There is a railway track in India between the cities of Hassan and Mangalore. It is a very special track. In a distance of 36 kilometers, there are over 300 bridges and 100 tunnels -- many tunnels stretch over two kilometers. When we walk through the tunnel, it is pitch dark, but we will walk on the railway track without using our flashlights. "Dark" means it is absolutely dark, to the point where you cannot even see your own hand, and after some time, you don't know whether your eyes are open or closed. Bats will be flying by, but they never hit you because they don't rely upon light (they rely upon sound), but they move so close you can feel their wings. And after some time, if you just keep walking in darkness, something very wonderful will happen to you. Once you get used to it, you don't know whether your eyes are open or closed. It is just the same; it is just absolutely the same. And suddenly, you become so aware, so beautifully aware, simply because you have lost the perception of light.
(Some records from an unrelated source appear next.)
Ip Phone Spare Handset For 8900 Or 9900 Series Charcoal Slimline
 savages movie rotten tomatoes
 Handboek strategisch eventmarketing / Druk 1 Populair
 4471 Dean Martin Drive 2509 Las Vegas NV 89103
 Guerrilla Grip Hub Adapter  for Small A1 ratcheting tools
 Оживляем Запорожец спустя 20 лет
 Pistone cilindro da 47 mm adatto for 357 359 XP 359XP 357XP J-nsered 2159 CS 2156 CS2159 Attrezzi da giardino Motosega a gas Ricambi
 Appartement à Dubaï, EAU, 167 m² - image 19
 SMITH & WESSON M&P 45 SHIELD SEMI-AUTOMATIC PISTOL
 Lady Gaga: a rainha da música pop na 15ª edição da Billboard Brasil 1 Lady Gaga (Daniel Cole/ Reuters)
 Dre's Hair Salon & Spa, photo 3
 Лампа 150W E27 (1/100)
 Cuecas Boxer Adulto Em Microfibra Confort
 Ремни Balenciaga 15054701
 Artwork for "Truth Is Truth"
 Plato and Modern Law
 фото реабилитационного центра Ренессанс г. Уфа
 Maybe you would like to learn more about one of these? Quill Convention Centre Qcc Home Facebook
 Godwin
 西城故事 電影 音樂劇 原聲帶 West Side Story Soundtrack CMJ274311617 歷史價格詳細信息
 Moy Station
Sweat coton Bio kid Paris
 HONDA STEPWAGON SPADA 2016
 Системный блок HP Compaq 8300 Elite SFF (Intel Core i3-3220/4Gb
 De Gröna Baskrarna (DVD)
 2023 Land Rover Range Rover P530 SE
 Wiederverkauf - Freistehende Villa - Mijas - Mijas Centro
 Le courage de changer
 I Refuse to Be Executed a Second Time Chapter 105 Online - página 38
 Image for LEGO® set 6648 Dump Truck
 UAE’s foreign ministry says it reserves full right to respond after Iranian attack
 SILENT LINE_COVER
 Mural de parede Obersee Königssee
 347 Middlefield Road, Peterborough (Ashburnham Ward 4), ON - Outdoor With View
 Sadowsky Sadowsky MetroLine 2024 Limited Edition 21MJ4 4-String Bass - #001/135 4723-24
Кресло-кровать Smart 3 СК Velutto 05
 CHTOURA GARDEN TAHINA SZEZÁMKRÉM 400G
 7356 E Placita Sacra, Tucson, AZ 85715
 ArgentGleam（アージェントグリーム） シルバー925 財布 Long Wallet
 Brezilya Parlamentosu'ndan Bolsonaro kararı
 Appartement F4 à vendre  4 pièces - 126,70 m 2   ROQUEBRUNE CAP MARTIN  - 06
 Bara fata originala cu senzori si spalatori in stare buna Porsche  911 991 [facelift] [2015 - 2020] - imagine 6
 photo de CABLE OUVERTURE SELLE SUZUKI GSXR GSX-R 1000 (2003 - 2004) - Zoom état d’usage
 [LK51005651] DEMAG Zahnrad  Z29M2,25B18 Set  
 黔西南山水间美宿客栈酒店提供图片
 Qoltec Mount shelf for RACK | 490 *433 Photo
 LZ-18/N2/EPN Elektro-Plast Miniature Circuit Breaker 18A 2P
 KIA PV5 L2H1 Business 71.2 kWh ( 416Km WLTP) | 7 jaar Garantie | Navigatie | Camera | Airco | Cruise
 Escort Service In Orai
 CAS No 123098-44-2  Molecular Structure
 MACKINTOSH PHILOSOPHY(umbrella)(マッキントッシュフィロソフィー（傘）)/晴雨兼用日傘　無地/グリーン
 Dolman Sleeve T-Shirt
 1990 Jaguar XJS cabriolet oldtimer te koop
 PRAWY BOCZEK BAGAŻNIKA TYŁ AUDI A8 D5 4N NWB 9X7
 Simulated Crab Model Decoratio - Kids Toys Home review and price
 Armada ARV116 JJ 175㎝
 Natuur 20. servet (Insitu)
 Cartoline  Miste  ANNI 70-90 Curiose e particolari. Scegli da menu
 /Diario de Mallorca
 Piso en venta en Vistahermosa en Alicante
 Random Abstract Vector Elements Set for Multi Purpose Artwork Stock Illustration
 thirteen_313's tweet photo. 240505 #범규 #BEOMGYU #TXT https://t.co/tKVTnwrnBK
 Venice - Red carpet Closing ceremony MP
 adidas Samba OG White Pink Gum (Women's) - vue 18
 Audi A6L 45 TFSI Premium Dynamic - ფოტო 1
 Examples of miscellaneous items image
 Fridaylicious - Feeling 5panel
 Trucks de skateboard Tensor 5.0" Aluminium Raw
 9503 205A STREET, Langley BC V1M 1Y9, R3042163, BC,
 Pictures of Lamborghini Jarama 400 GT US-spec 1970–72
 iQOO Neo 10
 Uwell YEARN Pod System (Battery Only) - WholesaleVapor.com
If there is not even an iota of light, the outside world completely evaporates from your perception. This makes you very much aware of what you are. The individual life becomes so dominant because the outside has completely disappeared. But people will not sit quietly in darkness because they want some perception that they are still there. So whenever there is darkness, people try to whistle, talk or sing. But in darkness, if you sit for long enough, then you will start wondering whether existence is really there or not.
One of the biggest distractions in life is light. For your survival, light is extremely important, but to look beyond survival, it is a distraction. When the sun is out, you miss all the stars in the sky. Many of these stars are a thousand times bigger than the sun, but the stars get completely lost to your vision simply because the sun is flooding you with light. In the evening, when the sun goes down, you can see the stars in the sky, but in the morning, what is in the sky? It is just clear. Do you see the deception? One has always believed that light means seeing, but one sees more in darkness than in light. This is a distortion of perception.
The whole system of yoga is dedicated to enhancing one's perception, as only what you perceive is real for you. The rest is just imagination or hallucination. The very nature of light is such that it will limit your perception to the physicality of existence. It is only when you are not blinded by light that one can perceive and experience the unity of existence beyond the separateness of the physicality. Hence, human beings have a natural attraction to those aspects of life which obliterate the physical boundaries and cause a sense of union, during twilight or darkness -- essentially, in the absence of blinding light. 

If someone says "I love you" at high noon, you probably wouldn't buy it. But if they say it either at twilight, moonlight or starlight, when darkness is advancing upon the day, you could easily fall for it. Naturally, the absence of light or reduced light becomes a conducive atmosphere for anything that seeks to unite life beyond the boundaries of the physical. And hence, whether it is in love, contemplation, prayer or meditation, there is a natural tendency to close one's eyes. Closing your eyes is a simple privilege that you have to shut out blinding light when it seems like an intrusion.
In the womb, you were incubated in darkness; the tomb is of course darkness. Or in other words, the beginning was darkness and the ultimate is darkness. Light is only an in-between happening. It is in the lap of darkness that all creation blossomed.